Abstract Archives of the RSNA, 2014
SSM22-03
Automatic Daily MRI Quality Control Analysis System Applied in a Large Hospital District
Scientific Papers
Presented on December 3, 2014
Presented as part of SSM22: Physics (Magnetic Resonance II)
Juha Peltonen MSc, Presenter: Nothing to Disclose
Teemu Makela, Abstract Co-Author: Nothing to Disclose
Alexey Sofiev, Abstract Co-Author: Nothing to Disclose
Eero Salli, Abstract Co-Author: Nothing to Disclose
The automatic daily quality control system provides an effective tool for simultaneous tracking of multiple quality control parameters of a large number of MRI scanners. With accurate up-to-date and long-term data certain hardware problems can be sorted out effectively.
A state-of-the-art system was developed to perform effective daily MRI quality control in a large hospital district. In total, 13 geographically scattered MRI scanners from 3 vendors were included in the quality control system. Due to the large number of scanners, the image analysis had to be automated to obtain up-to-date as well as long-term statistical data in easily interpretable format.
A homogeneous test phantom with a circular cross section is imaged every morning at each MRI site by the local radiographer. This image is sent to an image processing server using DICOM transfer protocol. The analysis is performed by in-house developed software based on Insight Segmentation and Registration Toolkit (National Library of Medicine, US). Monitored parameters include signal-to-noise ratio, image uniformity, ghosting ratio and the scanner centre frequency. The automatically generated results are presented as online graphs on an internal web page showing the temporal development of the quality parameters. Additionally, graphical MATLAB (MathWorks, Natick, MA) program is used for further data analysis and baseline determination.
The time series of the four quality control parameters were successfully produced for all scanners. Considerable deviations from the expected long-term evolution were observed in several cases. In one case, simultaneous anomalies in signal-to-noise and ghosting ratios were verifiably caused by a faulty gradient amplifier.
A subtle drift in scanner hardware performance can remain unnoticed until the defects are clearly visible in clinical images.

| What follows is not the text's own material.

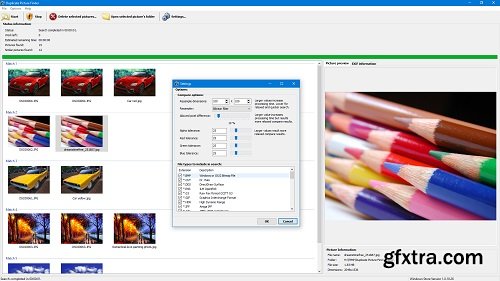 3delite Duplicate Picture Finder 1.0.102.112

With continuous analysis and clear representation of the daily quality control results these tendencies can be detected effectively. Resolving of error sources can begin before significant impact on patient studies. The described system could allow shorter response times to hardware problems in a large cohort of MRI scanners.
Peltonen, J,
Makela, T,
Sofiev, A,
Salli, E,
Automatic Daily MRI Quality Control Analysis System Applied in a Large Hospital District. Radiological Society of North America 2014 Scientific Assembly and Annual Meeting, - ,Chicago IL.